> _TASK BRIEF_
In the listing below, find the line containing "Багажник Инфинити fx35" and the line containing "Durable Duraframe Wallpaper A4 Blk", then copy exactly everything from the first through the second, except the pictures.

> _DATA TO USE_
┌────────
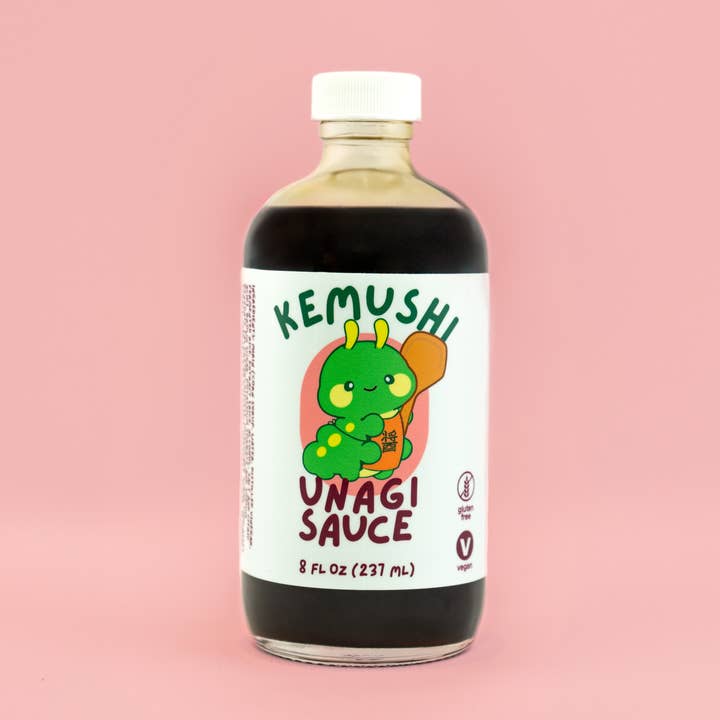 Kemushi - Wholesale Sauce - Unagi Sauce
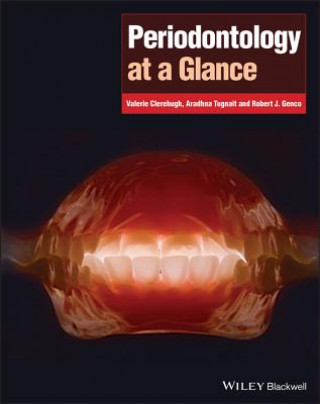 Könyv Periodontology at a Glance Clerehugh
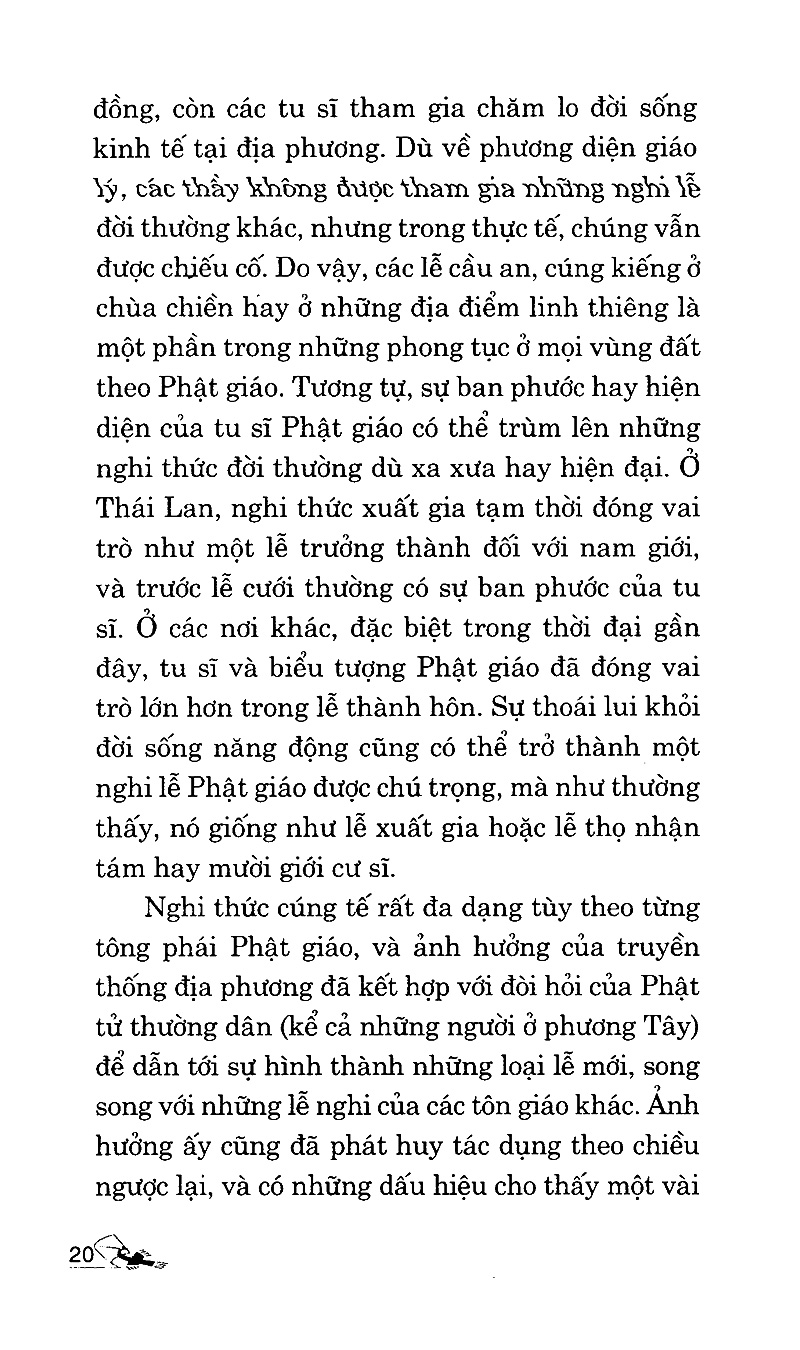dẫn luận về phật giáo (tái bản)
└────────
┌────────
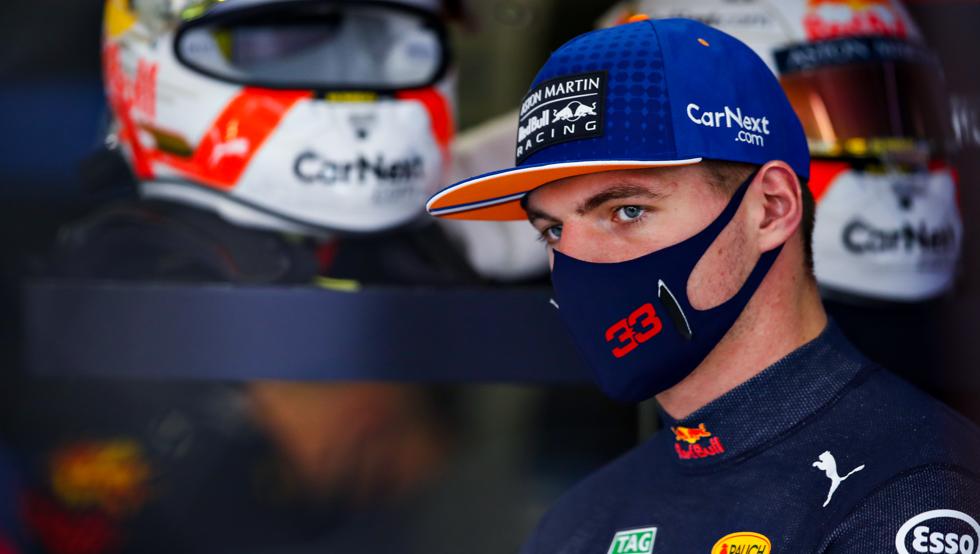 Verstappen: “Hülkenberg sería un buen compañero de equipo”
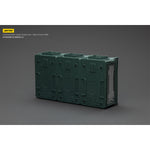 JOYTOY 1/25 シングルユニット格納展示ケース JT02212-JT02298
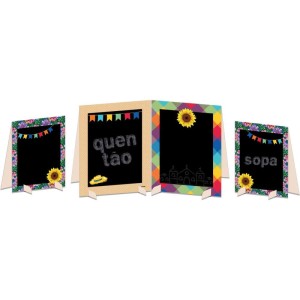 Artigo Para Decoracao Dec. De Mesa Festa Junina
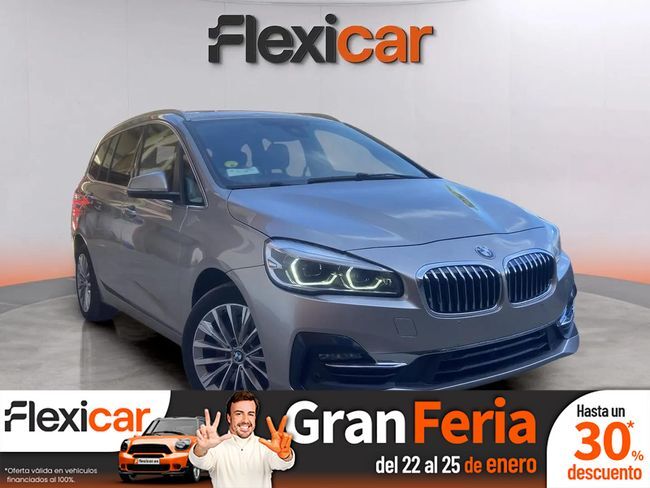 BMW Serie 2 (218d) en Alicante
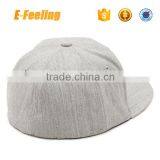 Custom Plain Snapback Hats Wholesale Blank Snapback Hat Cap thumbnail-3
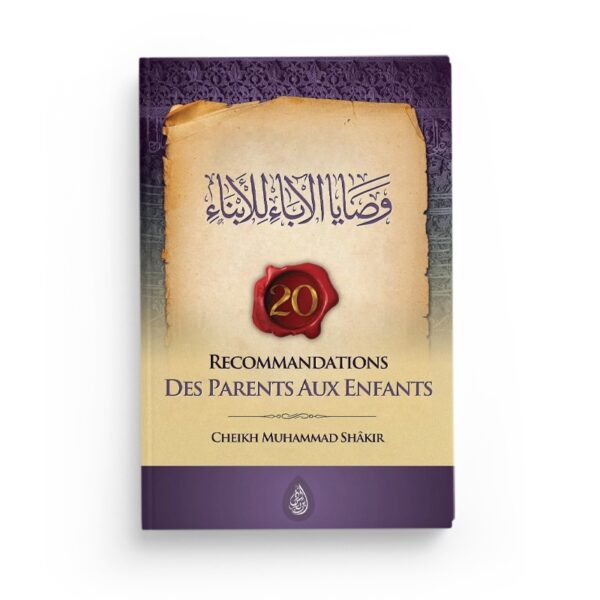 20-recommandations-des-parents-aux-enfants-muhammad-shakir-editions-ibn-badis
└────────
┌────────
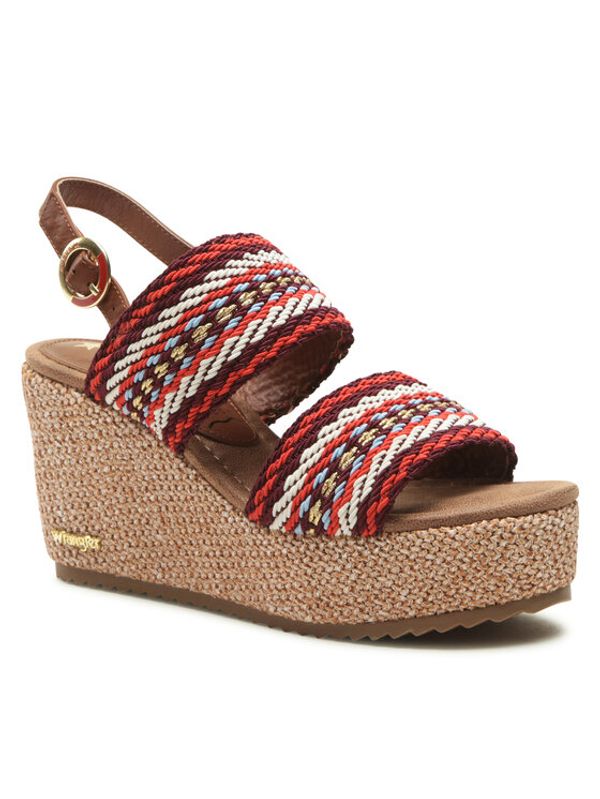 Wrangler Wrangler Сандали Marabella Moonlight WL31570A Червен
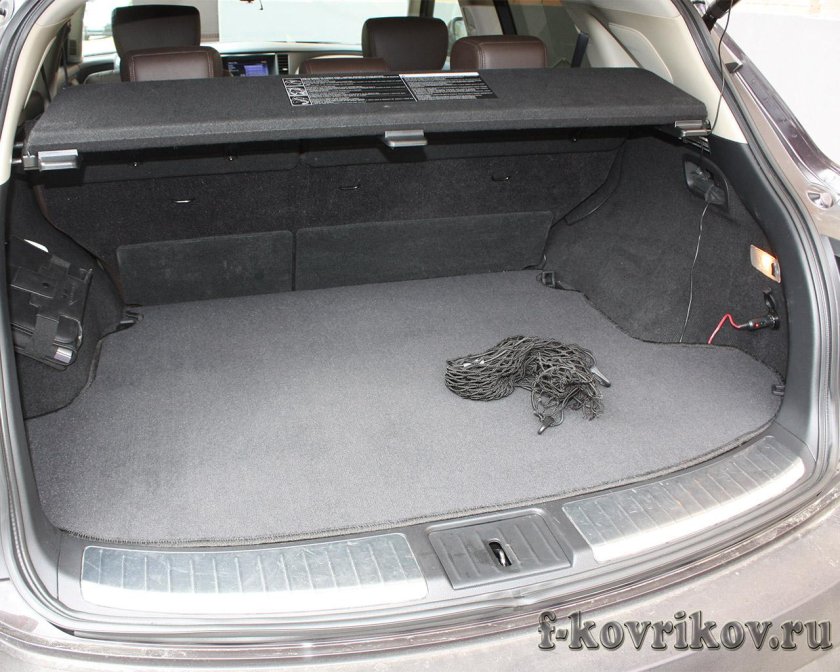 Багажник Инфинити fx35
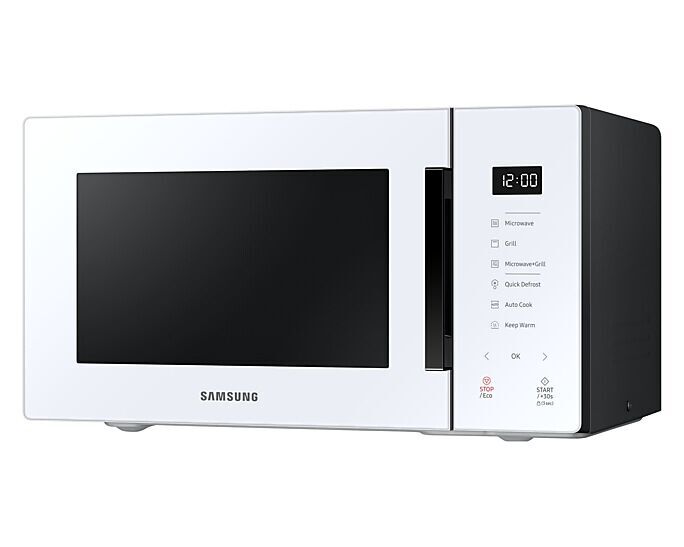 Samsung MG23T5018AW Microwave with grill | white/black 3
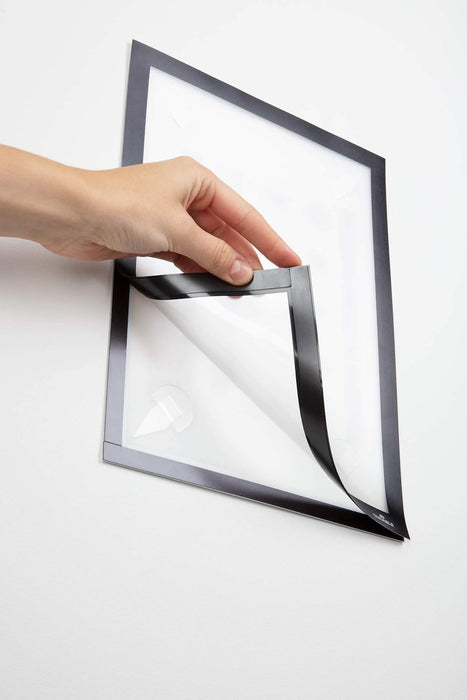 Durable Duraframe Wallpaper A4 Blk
└────────
> _WRITTEN SOLUTION_
 Багажник Инфинити fx35
 Samsung MG23T5018AW Microwave with grill | white/black 3
 Durable Duraframe Wallpaper A4 Blk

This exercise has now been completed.